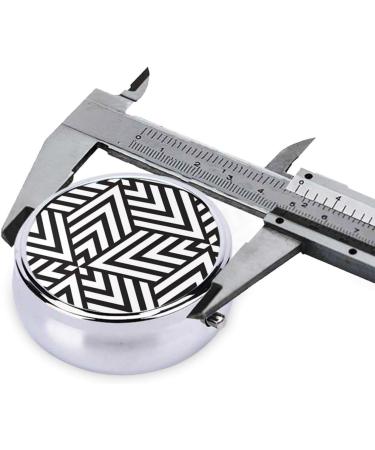 Printidearound 3 Compartment Round Pill Box Organizer - Portable Travel Solution for Medications - International Shipping Available - Buy Online on GoSupps.com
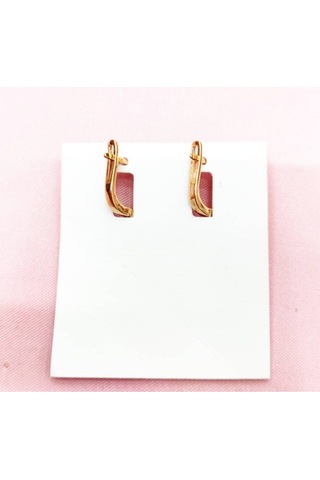 Oriental Kuyumculuk Jewellery Rose Yusufçuk Gümüş Küpe Rose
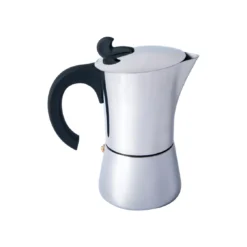BasicNature Espresso Maker 'Edelstahl' 2 Tassen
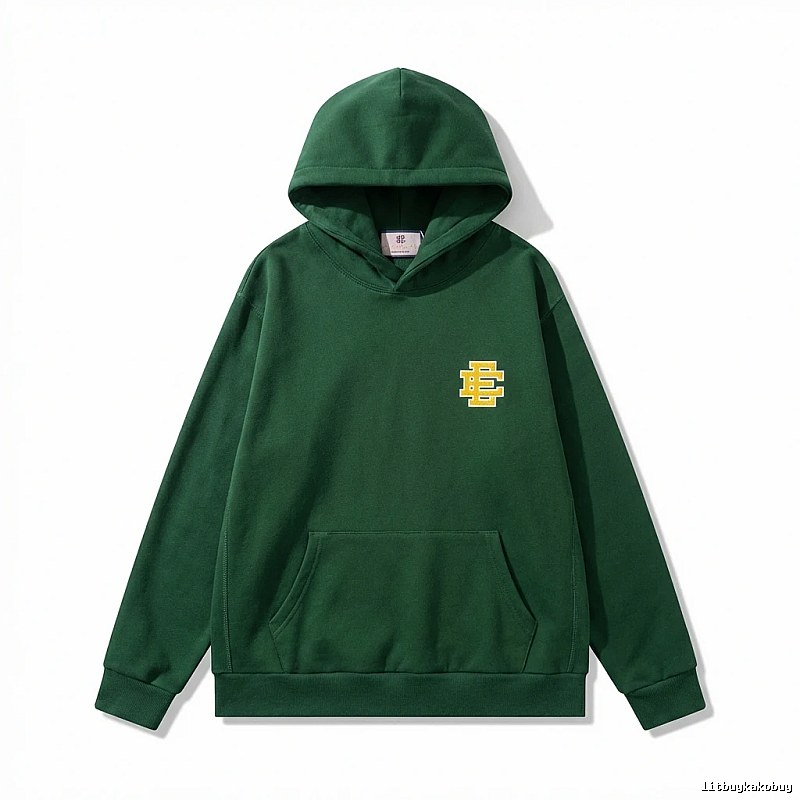 Eric Emanuel American retro green sweatshirt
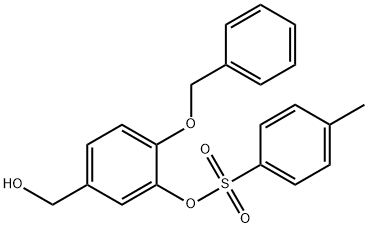 4-(Benzyloxy)-3-hydroxybenzyl Alcohol 3-p-Toluenesulfonate,65615-21-6,结构式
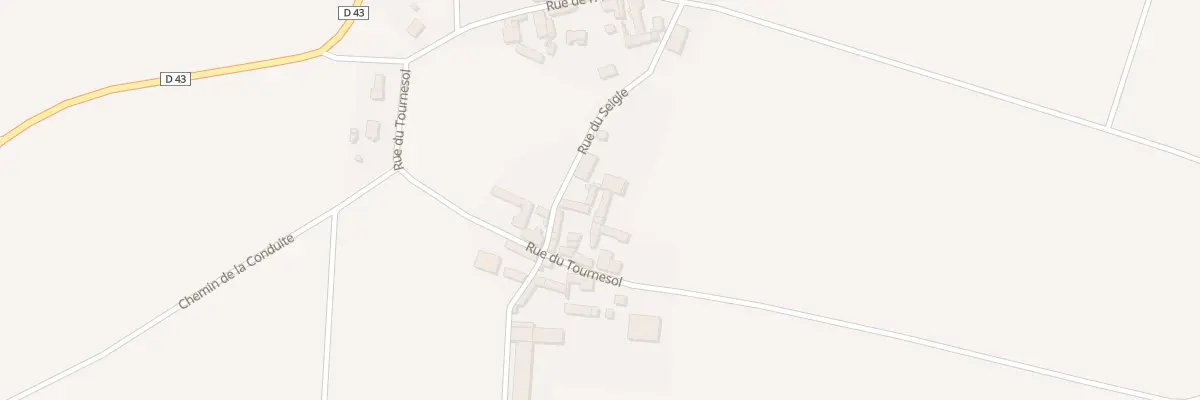 Plan du 38 Rue du Seigle à Beaumont-du-Gâtinais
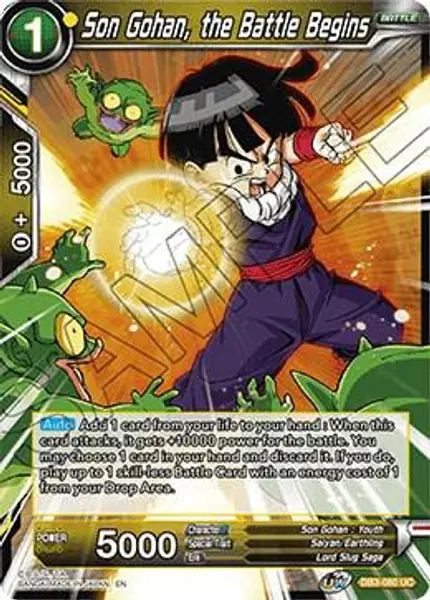 Son Gohan, the Battle Begins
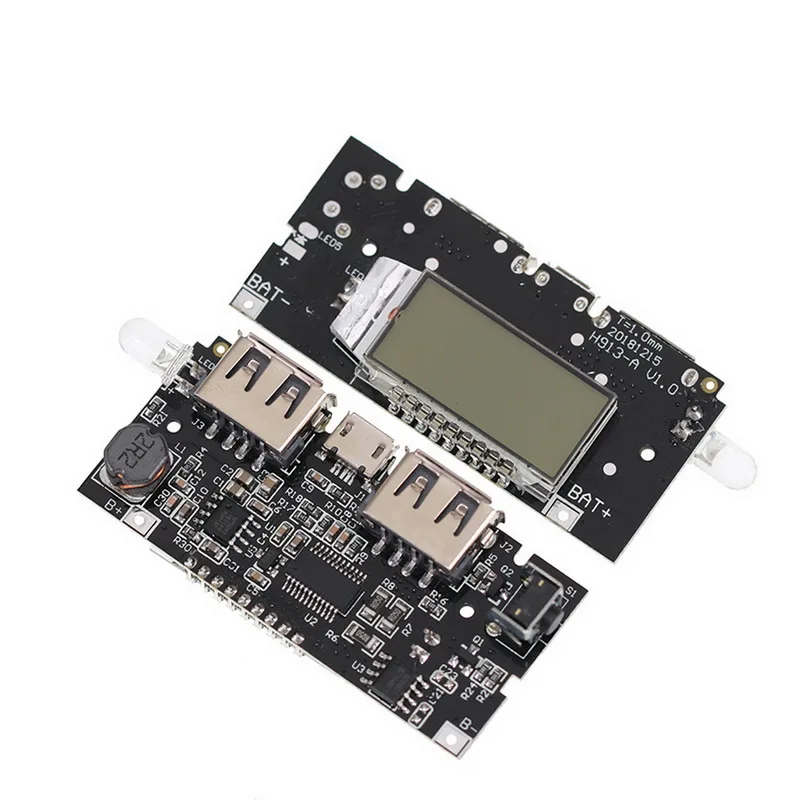 Двойной USB 5V 1A 2.1A мобильный Банк питания 18650 литиевая батарея зарядное устройство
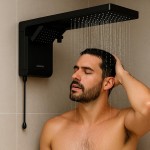 LORENZETTI Chuveiro Acqua duo ultra 7800W, Matte Black - 220V - Imagem 6
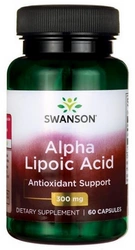 Swanson ALA kwas Alfa Liponowy 300mg 60 kapsułek antyoksydant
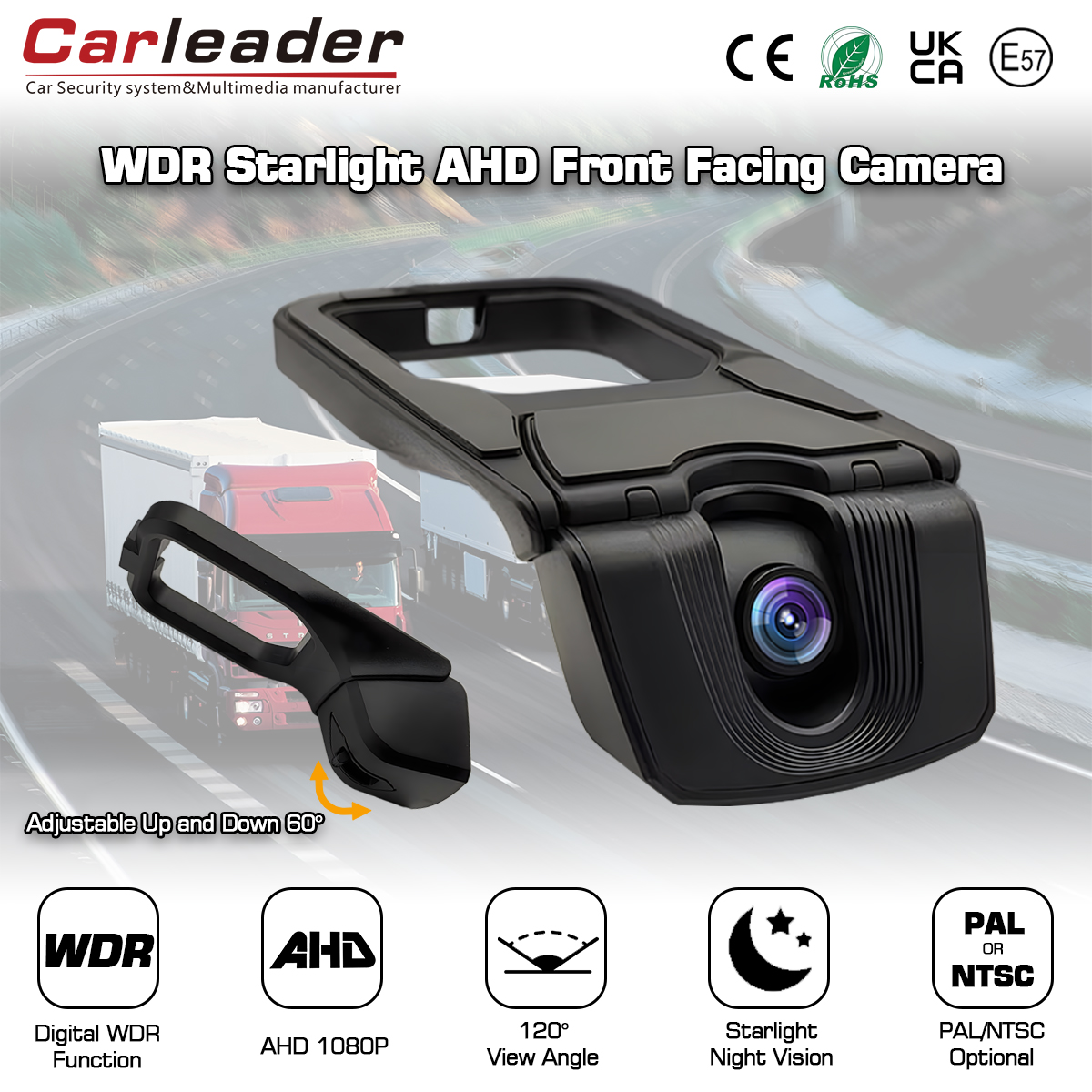 Kamera Visi Starlight Front CARTERER kanthi fungsi WDR digital Kamera Visi Starlight Front CARTERER kanthi fungsi WDR digital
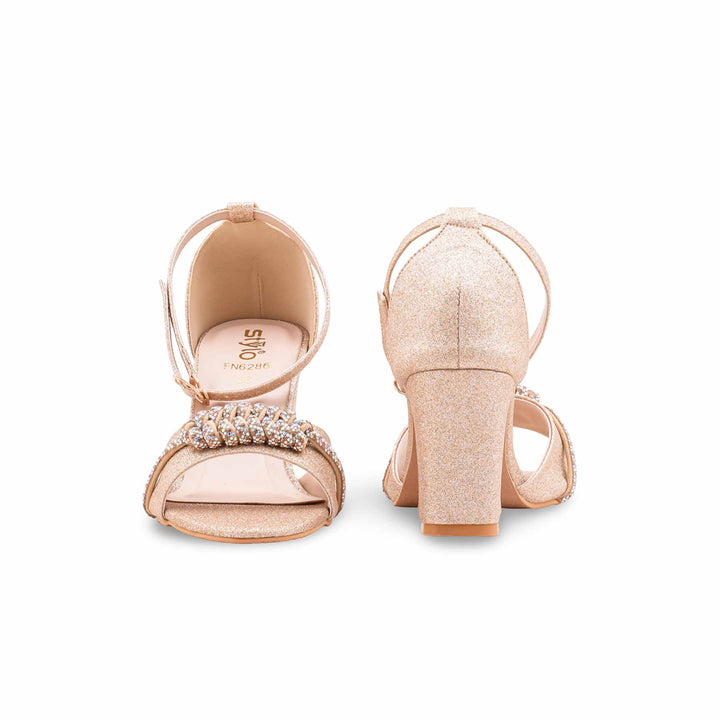 Golden Fancy Sandal For Women FN6286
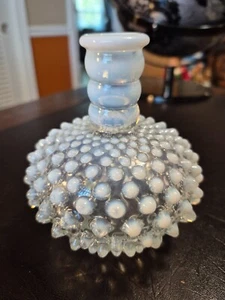 Vintage Fenton Hobnail Opalescent glass vase 5" Excellent Condiion - Picture 1 of 3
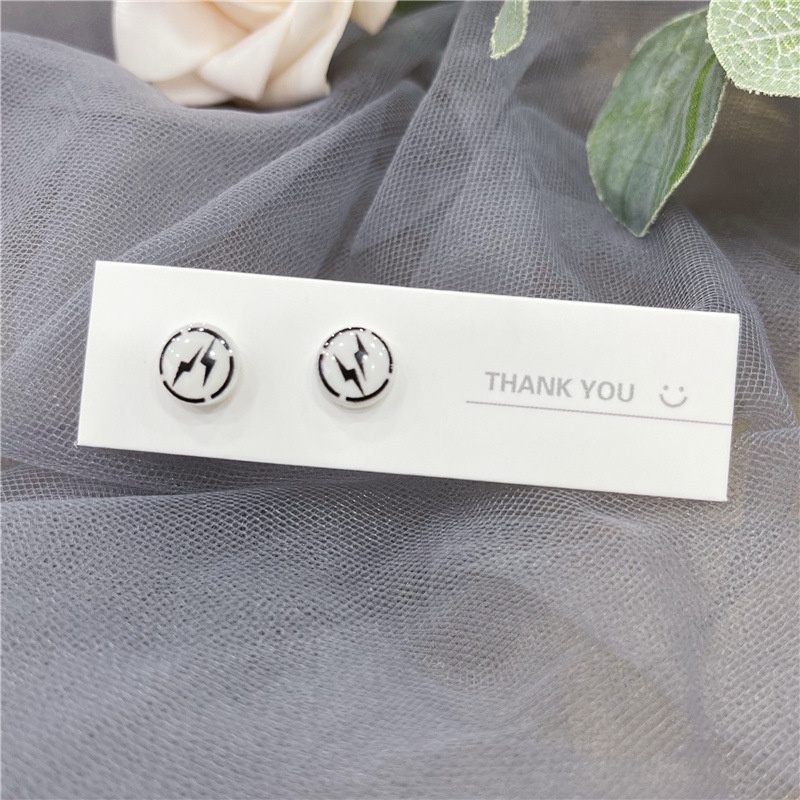 S925 Silver Needle Ceramic Earring Combination Exquisite Small Cute Simple Girl Student Earrings Wholesale 2021-11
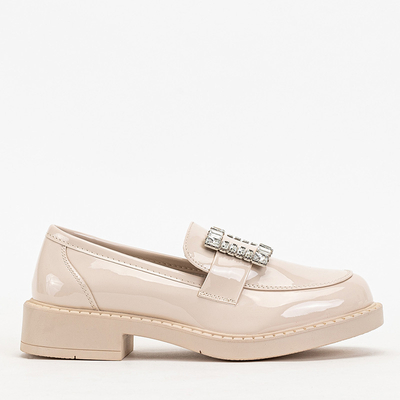 Chaussures femme beiges avec cristaux Larri - Chaussures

### What you should do
Your copy should hold the lines from the one with "LORENZETTI Chuveiro Acqua" up to and including the one with "Golden Fancy Sandal For Women FN6286", exactly as in the data above, and no pictures.

### Your solution
 LORENZETTI Chuveiro Acqua duo ultra 7800W, Matte Black - 220V - Imagem 6
 Swanson ALA kwas Alfa Liponowy 300mg 60 kapsułek antyoksydant
 Kamera Visi Starlight Front CARTERER kanthi fungsi WDR digital Kamera Visi Starlight Front CARTERER kanthi fungsi WDR digital
 Golden Fancy Sandal For Women FN6286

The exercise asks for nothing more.